ON THIS PAGE
IBA Monitoring of Devices in Drain Mode
A prebuilt IBA (intent-based analytics) probe is available in Juniper Apstra. You can activate it by instantiating a predefined probe named “Drain traffic anomaly”. The required value for Threshold in bps works as follows:
- Value is the net sum of traffic on all hosted_interfaces
- This does not include traffic on the Ethernet management port which is not part of the probe measurement
- These interfaces include all L3 BGP enabled paths
- Server facing interfaces are shut during Drain Mode and are not part of this calculation
- The threshold describes the amount of traffic you wish to be alerted on (above the value) if devices are in the Drain state
- This ensures that you do not perform actual maintenance operations on a device that has not been fully drained.
Example
Spine1 is connected to 4 leaf switches, each connection runs the eBGP routing process. All application (server) based traffic flows are rehashed via ECMP onto other links and the basic BGP neighbor updates are still running. In a lab example with a small topology, this is effectively 1.5KBPS per link. With 4 neighbors, the total traffic we expect to remain on the devices is approximately 6KBPS. If we set the probe Threshold in bps to 10KBPS (10000), the probe generates anomalies if there is more than 10K on all of the 4 interfaces combined.
Recommended Usage
Enable the probe with 100KBPS and leave it running in all Blueprints.
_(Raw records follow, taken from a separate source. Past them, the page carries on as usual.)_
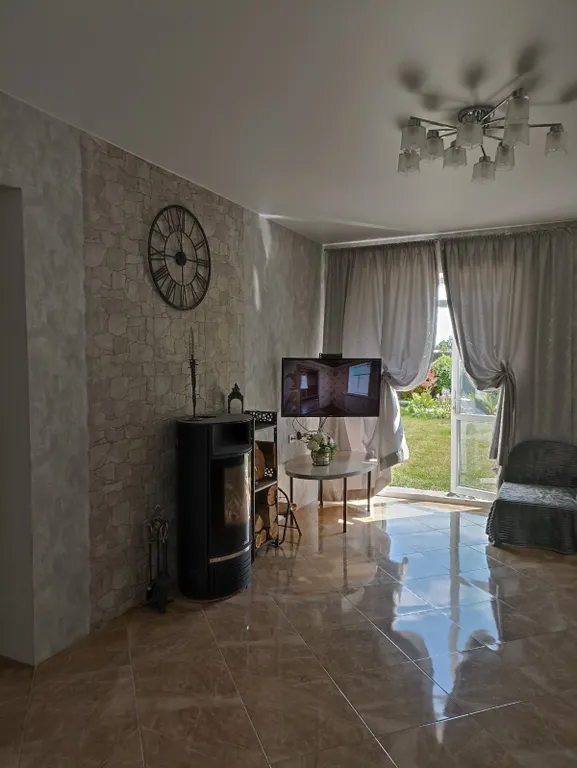 Дом с беседкой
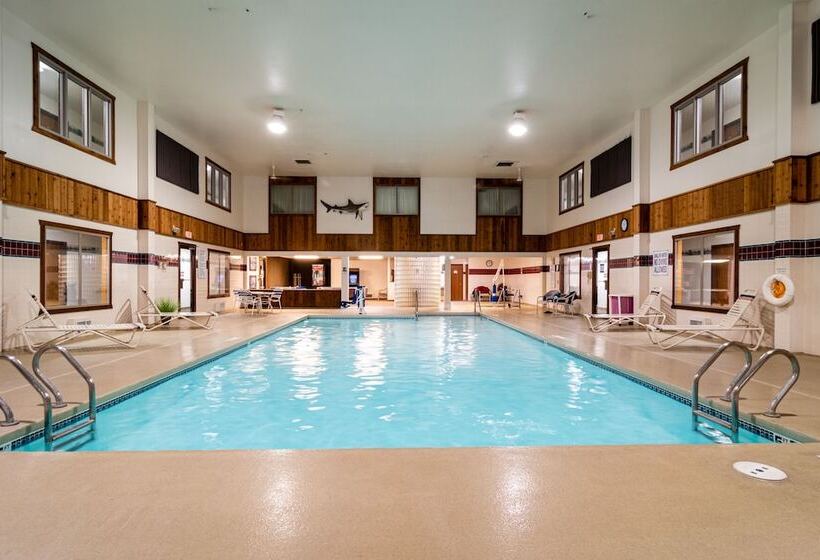 فندق Cedarberry Inn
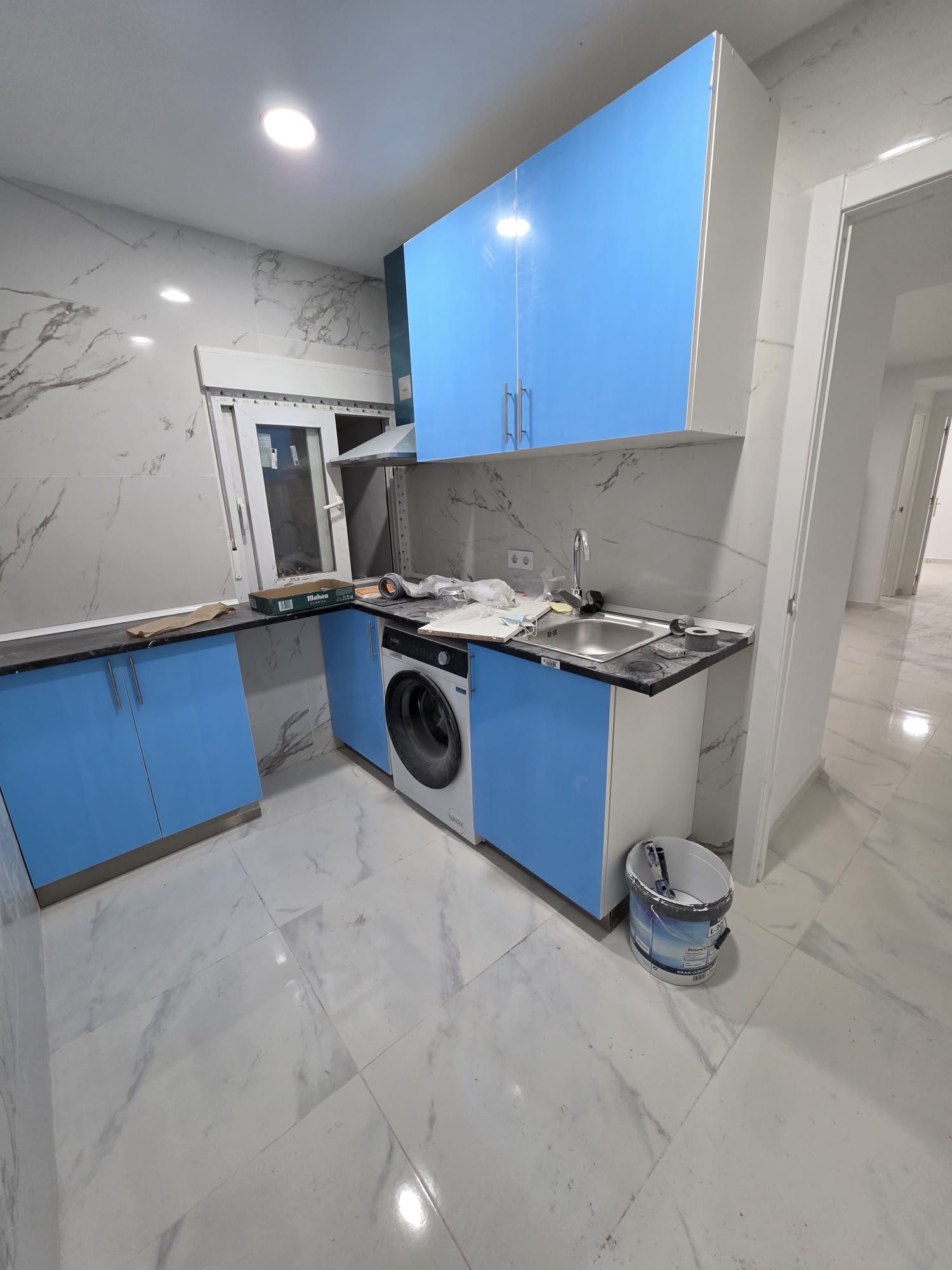 Kitchen of Flat to rent in Parla  with Oven and Washing machine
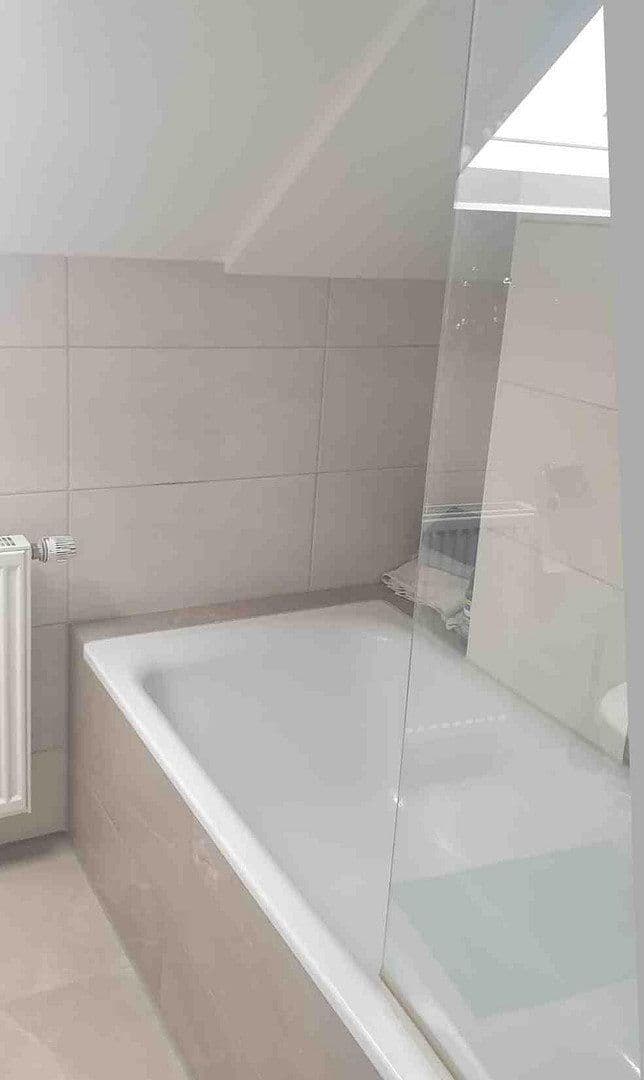 Prodej domu 145 m², pozemek 352 m², Herrenberg, Bádensko-Württembersko Prodej domu 145 m², pozemek 352 m², Herrenberg, Bádensko-Württembersko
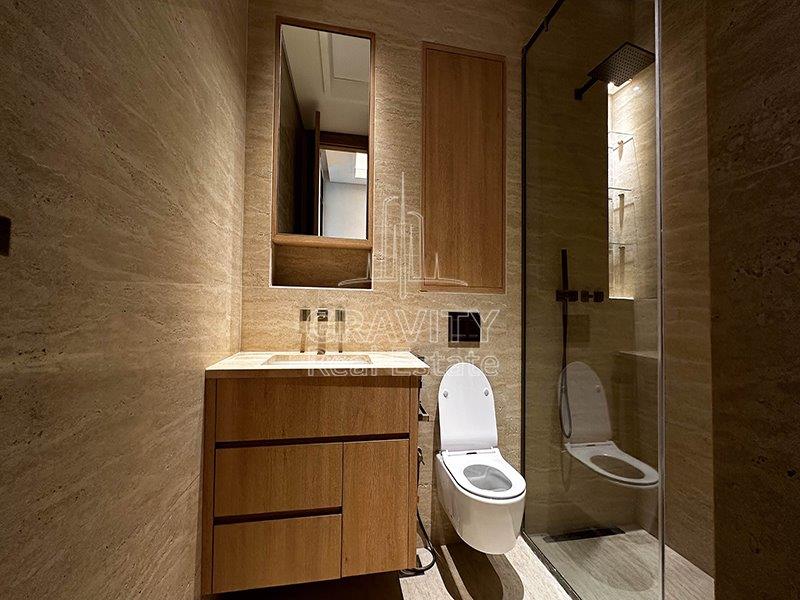 nicely-kept-washroom-one-reem-island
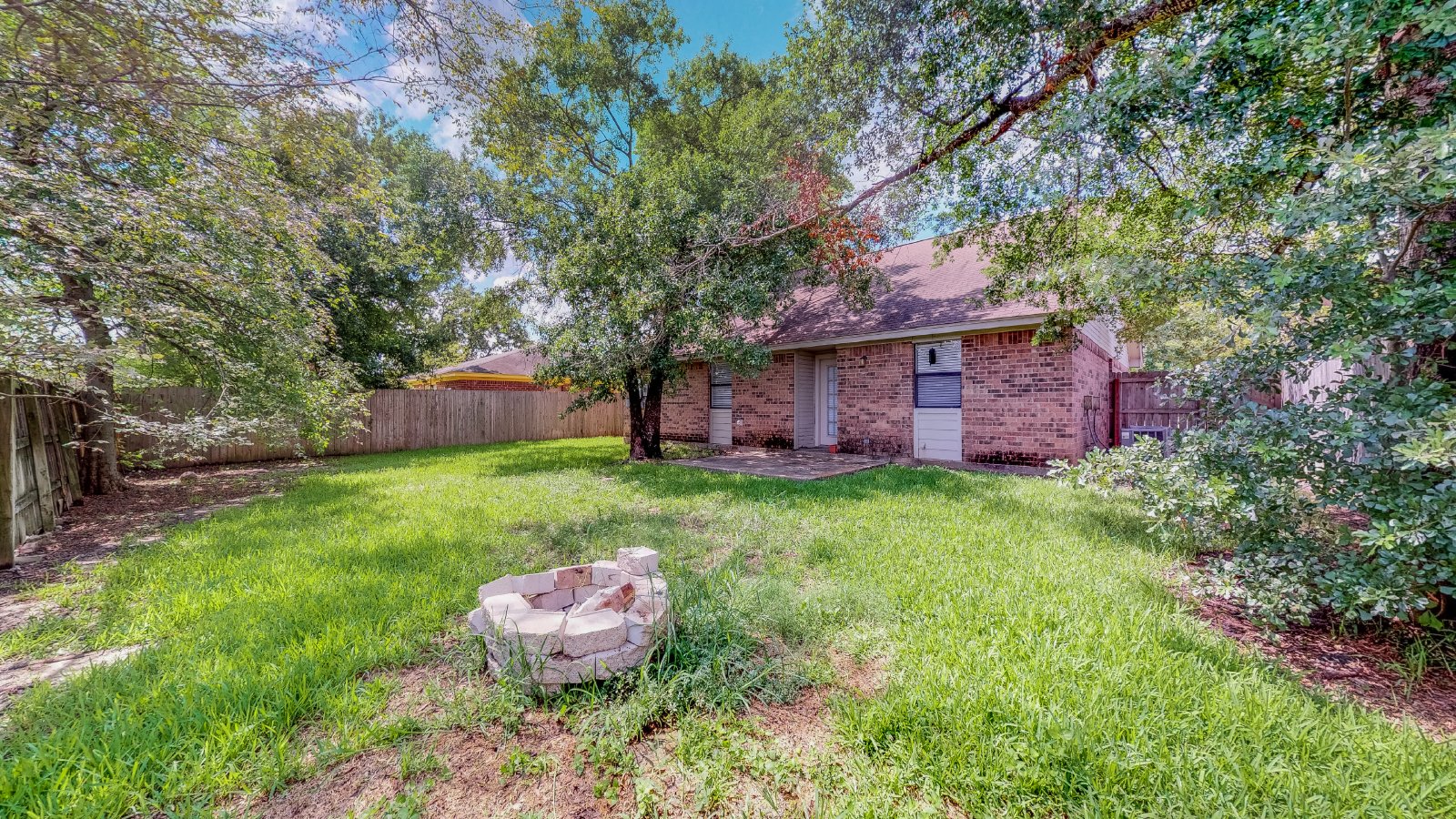 1002 Hardwood Lane property image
When a device enters the Drain state, an anomaly appears as the traffic is removed from the links. This anomaly should only exist for a few seconds. If the anomaly does not clear, the device is not fully in Drain Mode. Once the anomaly clears, you are free to switch the device to the Ready state to take it out of service completely. It is also possible that you will not see the anomaly as it may appear and disappear very quickly.